Start of Block

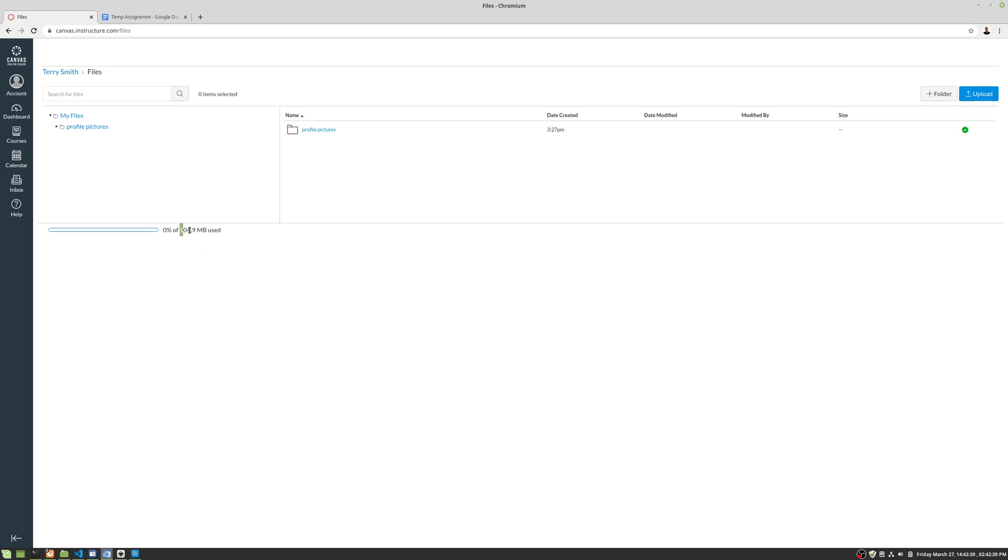So notice that you have 104.9 megabytes, 105 megabytes. In the free for teachers version, if you have one from your school, it's probably giant, you probably don't have to worry about it. But this is going to show you every last thing you've uploaded and the size of it. So just be aware of it.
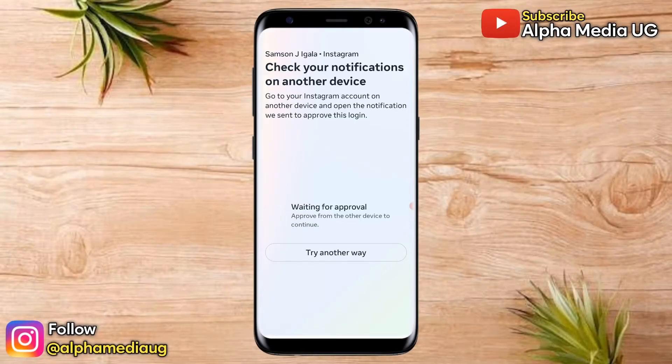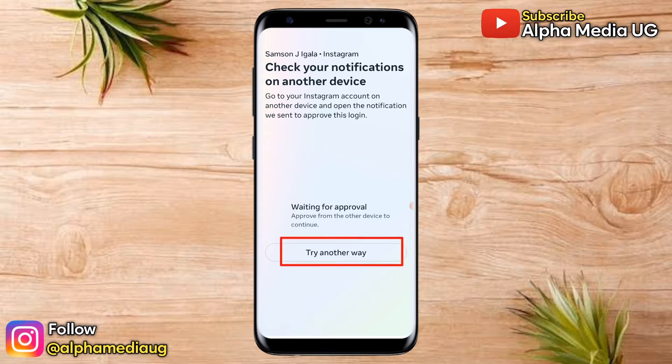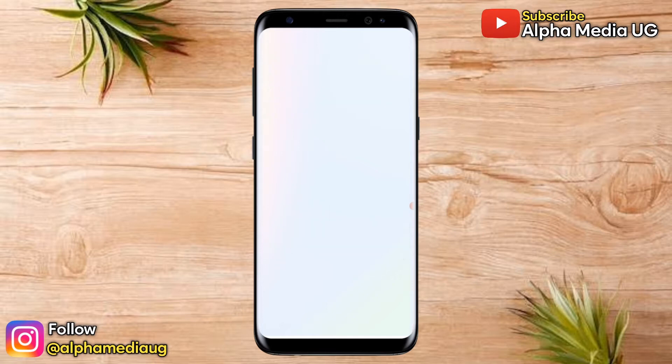When you're logging in, you will either be asked to check your notifications on another device or try another way. So if you don't have another device, you click 'Try Another Way.'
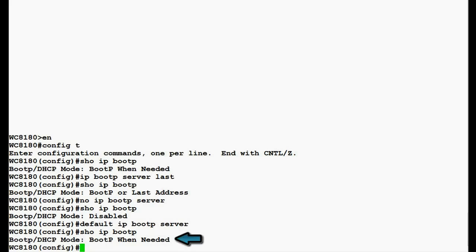Here, we see that BOOTP/DHCP mode is BOOTP when needed, which is the default BOOTP status of the controller.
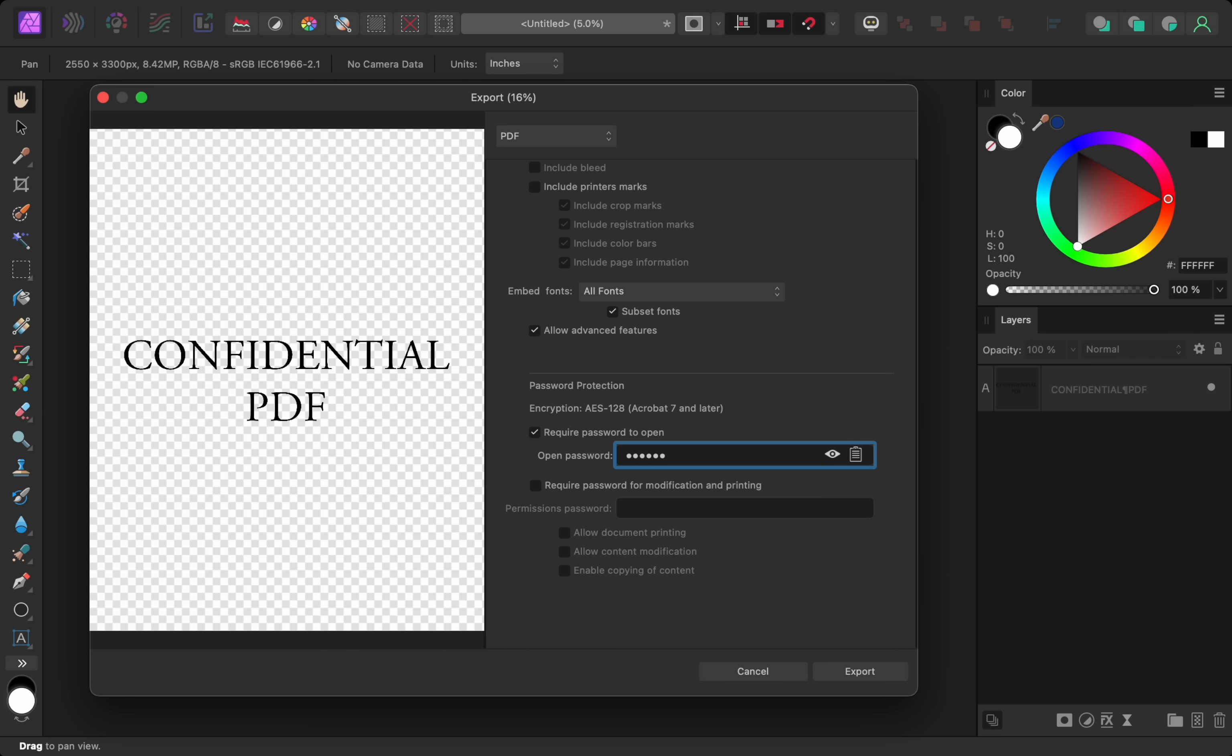So those are my favorite changes in Affinity 2.3. Let me know in the comments what you're most excited about and I'll see you in the next Affinity Revolution tutorial.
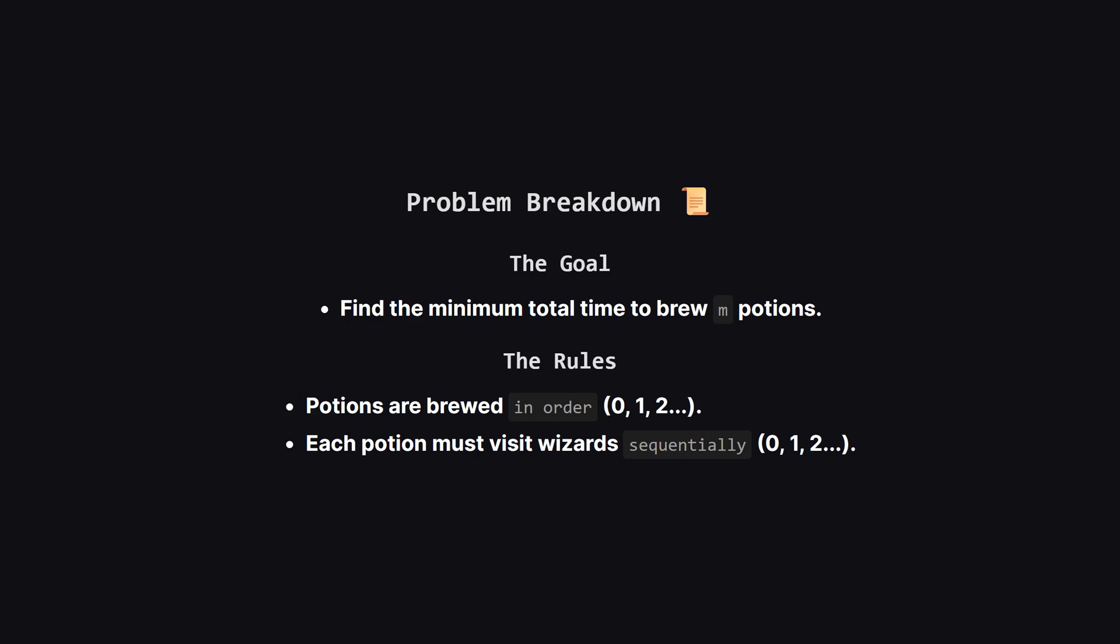The core idea is that we have an assembly line. Potions move down the line of wizards. A potion can't skip a wizard and wizards have to work on the potions in the correct order. The time it takes a wizard to work on a potion is simply their skill level multiplied by the potion's mana cost.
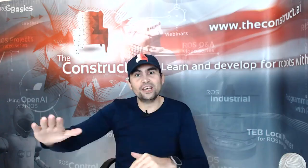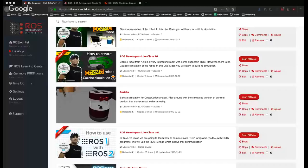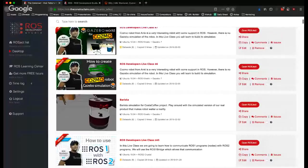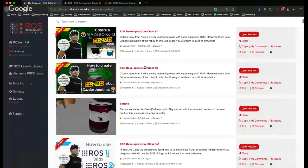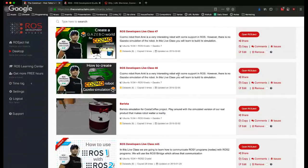We are going to use the ROS Development Studio, the tool that our company is building. It's online, free, and you can use it for programming your robots with ROS and especially to share your projects. Let me show you with a demonstration how it works. Here we have the ROS Development Studio — that's my account — and for today we are going to use the ROS Developers Live class number 46.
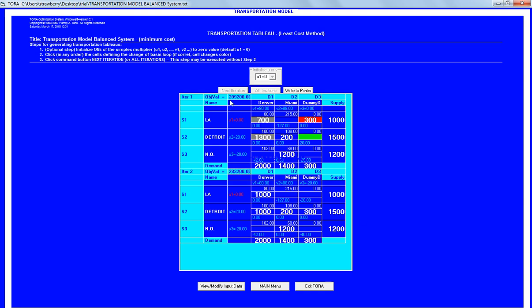We could see here that to minimize the objective we have 289,000 objective while here is 283,000. So by default, in case we are minimizing the cost, this would be our optimal solution.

End of Block

▶ _WORK INSTRUCTIONS_
Retype the lines above exactly as they appear, from the line containing "Here, we see" through the line containing "So those are", and leave out any pictures.

▶ _FINAL ANSWER_
Here, we see that BOOTP/DHCP mode is BOOTP when needed, which is the default BOOTP status of the controller.
So those are my favorite changes in Affinity 2.3. Let me know in the comments what you're most excited about and I'll see you in the next Affinity Revolution tutorial.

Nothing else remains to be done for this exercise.